Background & Scientific Rationale:
With growing and ageing prison populations and spiralling costs whilst budgets are under strain, providing good governance and clear efficient and cost-effective integrated care pathways of prison health and social care as well as continuity of care upon transitioning in-and-out of prison and resettlement back into the community is one of the top priorities on local, national and international agendas.1
Taking an older offender in the UK to be someone aged 50+, the number of older people entering the UK’s Criminal Justice System has trebled in the last 20 years. More than 80% of older offenders have long-standing illness or disability and over 50% suffer from a mental disorder. 30% have a diagnosis of depression and there are only estimated figures for dementia in the prison environment – between 1% and 30%. People aged 60 and over are now the fastest growing age group in the prison estate. In January 2014, there were 10,587 prisoners aged 50 and over in England & Wales, an increase of 6.8% since 2012. This group makes up 13% of the total prison population (RECOOP).
In light of the new Care Act 2014 implementation, which came into force in April 2015, and based upon our research to date, it is clear that both integrated care and continuity of care is working in pockets of isolation or is lacking (yet highly needed) in the prison environment. Further, there is little data regarding transitioning in-and-out of the prison estate, and upon resettlement in the community although anecdotally from the Justice select review there are stories of failures to support older offenders. This does not only pose significant health and social care services and systems challenges for key-stakeholders involved, but it is also completely unsustainable with very high costs to society (e.g. tax payer) and avoidable suffering and distress at individual, family and community level too (offenders, their families, professionals working with them). Furthermore, lack (and inefficiency) of care provisions, delivery and continuation of care also violates the right to health and care, dignity, compassion, and wider human rights.
Current resettlement pathways are now being delivered through CRCs (Community Rehabilitation Companies). Their current East of England (Sodexo) Service Plan 2015/16 does mention older offenders or those with enduring health problems specifically, but does have a partnership framework including Safeguarding Adult boards and a core value of responding to diverse needs.
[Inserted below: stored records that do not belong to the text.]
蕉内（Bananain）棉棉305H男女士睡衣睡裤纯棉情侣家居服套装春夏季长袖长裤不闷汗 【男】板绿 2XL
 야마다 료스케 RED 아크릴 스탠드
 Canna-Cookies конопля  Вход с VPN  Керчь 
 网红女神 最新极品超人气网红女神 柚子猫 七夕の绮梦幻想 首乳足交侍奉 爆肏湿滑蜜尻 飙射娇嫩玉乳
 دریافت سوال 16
With the numbers of older offenders growing, ‘firming up’ links with social care providers will reduce crisis interventions by care service providers.
- To contribute towards development and implementation of efficient, integrated, cost-effective care pathways at points of transition and resettlement for older offenders with complex care needs;
- Assess feasibility of effectively meeting health and social care needs of older prisoners while adhering both to security, equity and efficient use of resources;
- Directly contribute to UK-wide effective and sustainable prison policy and implementation around integrated care pathways on resettlement.
Specific objectives of the study are to:
- Synthesise research on integrated care pathways and continuity of care (and related costs) at points of transition and resettlement for older offenders with complex care needs;
- Map intended (MoJ NOMS guidance) and current actual process of resettlement work for offenders with health and social care needs in differing establishments (Cat B-Cat D) using scenarios and actual resettlement provider responses;
- Compare with community delivery to an equivalent person leaving an institution (.e.g. older person leaving hospital) and related cost assessment;
- In collaboration with stakeholders (offenders, ex-offenders, MOJ and more) develop a pilotable model for integrated care pathways and continuity of care at points of transitioning and resettlement for older offenders with complex care needs (per prison category);
- Project cost of (new) integrated care provisions in caring for older prisoners and influencing successful ‘resettlement’, reduced re-offending and reduced care needs;
- Implement pilot with at least 3 offenders from each category in partner prisons.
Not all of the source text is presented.